You are superb
All'ultimo piano del palazzo d'ocra e di sogno dove s'allocava, tanti anni orsono, l'Istituto Mater Dei, che aveva gli occhi sulla timida salita di San Sebastianello c'era la stanza della direttrice, di nome Sister S.K. Era una donna alta e snella, dal volto rotondo e bianco, gli occhi di castagna dardeggiavano da sotto il reggivelo che era una striscetta bianca sulla quale si stendeva poi il velo scendente sugli omeri e quasi fino alla vita. Esser chiamate lì da lei, nell'empireo della scuola, voleva dire, al contrario, precipitare nell'abisso della paura. Toccò anche a me e che cosa mi capitò lo racconterò, ma non sino in fondo, qui sotto d'un rigo. Scendiamo tenendo il filo d'un palloncino rosa.
Parlava in inglese, sgridava in inglese. La mia colpa le uscì come uno sputo dalle labbra eleganti e sottili: "You are superb", disse. Mi colpirono quelle tre parolette come tre frecce dalla punta avvelenata e sentii in gola un pizzicore e poi gli occhi riempirsi di spume.
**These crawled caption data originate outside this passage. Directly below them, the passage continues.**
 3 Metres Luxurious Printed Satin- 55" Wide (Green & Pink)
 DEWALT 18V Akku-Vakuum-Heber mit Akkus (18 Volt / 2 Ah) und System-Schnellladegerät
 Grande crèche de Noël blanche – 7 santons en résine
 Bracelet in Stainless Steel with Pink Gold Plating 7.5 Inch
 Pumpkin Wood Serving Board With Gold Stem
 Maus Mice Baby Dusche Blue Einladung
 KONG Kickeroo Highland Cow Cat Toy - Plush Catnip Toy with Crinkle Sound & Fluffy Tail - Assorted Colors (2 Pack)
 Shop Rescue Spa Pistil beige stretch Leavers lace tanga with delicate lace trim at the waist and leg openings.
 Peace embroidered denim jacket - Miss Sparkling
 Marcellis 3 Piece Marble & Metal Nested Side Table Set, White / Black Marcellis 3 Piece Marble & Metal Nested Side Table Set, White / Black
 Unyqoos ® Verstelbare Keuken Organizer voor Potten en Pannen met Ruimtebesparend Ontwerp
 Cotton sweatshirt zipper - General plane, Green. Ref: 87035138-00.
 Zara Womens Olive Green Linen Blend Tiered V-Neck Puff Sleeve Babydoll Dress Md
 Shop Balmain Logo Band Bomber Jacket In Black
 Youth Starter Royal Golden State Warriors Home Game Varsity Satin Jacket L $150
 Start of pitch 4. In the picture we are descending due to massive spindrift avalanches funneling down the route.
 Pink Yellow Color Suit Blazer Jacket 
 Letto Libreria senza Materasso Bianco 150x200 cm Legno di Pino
Due lacrime mi scesero sulle guance mentre lei mi intimava di andar via, di raggiungere le compagne e di cambiare.
Mi alzai, scesi a precipizio le scale, entrai in classe, ingoiai il pianto per non finir zimbello di certe compagnette che ancora oggi, mamme e nonne, pungono. Passarono le ore, suonò la campanella, eccomi di corsa a siluro entrare in casa: "Mamma - voce con nodo in gola - che cosa vuole dire superb?"